伊勢神宮への御神木もこの場所から運ばれました。


                山を下る運材列車 (1958年)

当時、王滝本線では蒸気機関車が運材列車を牽いておりました。写真は下黒沢の橋梁を行く列車で運材台車には何人かのブレーキマンが乗っていました。
後日、運材列車は近代化され機関車は空気ブレーキを装備したディーゼル機関車に替わり、運材台車は空気ブレーキ付きとなりブレーキマンは廃止されました。

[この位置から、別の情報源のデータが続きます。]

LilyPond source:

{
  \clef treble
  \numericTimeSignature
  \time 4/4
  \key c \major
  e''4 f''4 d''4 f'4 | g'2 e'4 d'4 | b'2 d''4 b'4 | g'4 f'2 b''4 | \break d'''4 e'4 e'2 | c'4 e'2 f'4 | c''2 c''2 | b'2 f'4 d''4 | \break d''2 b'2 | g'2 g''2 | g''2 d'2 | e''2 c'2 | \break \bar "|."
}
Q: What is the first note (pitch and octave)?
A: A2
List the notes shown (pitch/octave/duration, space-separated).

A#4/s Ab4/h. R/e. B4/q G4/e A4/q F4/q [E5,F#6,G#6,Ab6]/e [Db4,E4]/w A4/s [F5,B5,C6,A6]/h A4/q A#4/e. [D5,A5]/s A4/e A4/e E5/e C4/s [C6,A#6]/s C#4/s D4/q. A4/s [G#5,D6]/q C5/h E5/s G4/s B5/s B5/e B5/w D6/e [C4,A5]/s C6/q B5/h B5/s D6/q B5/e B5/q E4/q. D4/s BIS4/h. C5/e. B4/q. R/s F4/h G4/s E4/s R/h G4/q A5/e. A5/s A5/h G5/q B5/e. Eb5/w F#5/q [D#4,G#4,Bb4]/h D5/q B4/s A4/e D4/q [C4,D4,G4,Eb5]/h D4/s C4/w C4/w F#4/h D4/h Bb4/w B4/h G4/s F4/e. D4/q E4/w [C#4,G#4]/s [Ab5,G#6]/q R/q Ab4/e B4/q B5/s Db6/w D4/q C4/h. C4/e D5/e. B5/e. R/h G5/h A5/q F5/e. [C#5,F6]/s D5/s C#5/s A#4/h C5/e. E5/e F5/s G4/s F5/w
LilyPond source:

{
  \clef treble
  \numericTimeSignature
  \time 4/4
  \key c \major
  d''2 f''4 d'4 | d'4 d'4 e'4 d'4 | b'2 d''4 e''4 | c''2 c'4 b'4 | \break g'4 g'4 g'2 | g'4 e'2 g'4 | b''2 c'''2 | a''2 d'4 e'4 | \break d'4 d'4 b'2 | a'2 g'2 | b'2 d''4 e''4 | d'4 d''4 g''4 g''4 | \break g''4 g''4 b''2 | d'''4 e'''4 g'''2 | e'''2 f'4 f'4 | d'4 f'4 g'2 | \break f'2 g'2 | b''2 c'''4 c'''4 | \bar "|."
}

                  旅客列車の小休止 (1958年)

王滝本線には沿線の人達の輸送や生活必需品を運ぶ旅客列車が毎日定期的に運行されていました。
私たちは営林署の許可を得て旅客列車に便乗させていただきました。
写真は途中の大きな停車場での風景です。貨物車からは沿線の人達へのいろいろな品物が降ろされていました。
また、客車では降りる人、乗り込む人が互いに挨拶を交わしていました。皆さん顔見知りのようでした。
 


                     通学列車 (1959年)

沿線の児童生徒は林鉄で地区の分校に通っていました。小さなディーゼル機関車の次位の2両は児童生徒専用の車両、その次の車両が大人用です。


                    憩う蒸気機関車 (1958年)

上松の基地で待機中の機関車です。1910年代以降にアメリカから輸入されたものを基地の工場で林鉄に適した形態に改造されました。大きな煙突は火の粉の散乱を防止するために、また、燃料庫も屋根の上まで拡大され林鉄独特の形の機関車になり、鉄道模型の世界でも人気がありました。
向こう側の1号機は、今も上松町の赤沢自然休養林にある森林鉄道記念館に大切に保存展示されています。
また、赤沢の森には林鉄が復元されて体験乗車もできます。見学を兼ねて森林浴にお出かけ下さい。
 



                 アブト式末期の信越本線

1893年の信越本線の全通以来、1963年の新線開通までの70年間にわたり横川〜軽井沢間(以降横軽間と称します)11、2qにはアプト式の鉄路が採用されていました。
(注) アプト式とは急勾配の鉄道用に開発された、枕木に固定された歯軌条(ラックレール)に動力車の歯車(ピニオン)をかみ合せて列車を運行する方式(ラック&ピニオンシステム)の一種で、開発者ローマン・アプトの名前を付けた呼称です。現在、我が国では大井川鉄道井川線の一部に採用されています。
当初は、他の鉄道と同様に蒸気機関車で運行されていましたが、トンネル内のばい煙防止と輸送力向上のため横軽間を電化し電気機関車を導入しました。この際にトンネルの高さは蒸気機関車用のため架空線を張ることができず、替わりに走行用レールに沿って電気用レールを設置し、電気機関車のコレクターを介して電気を取り入れる方式を採用しました。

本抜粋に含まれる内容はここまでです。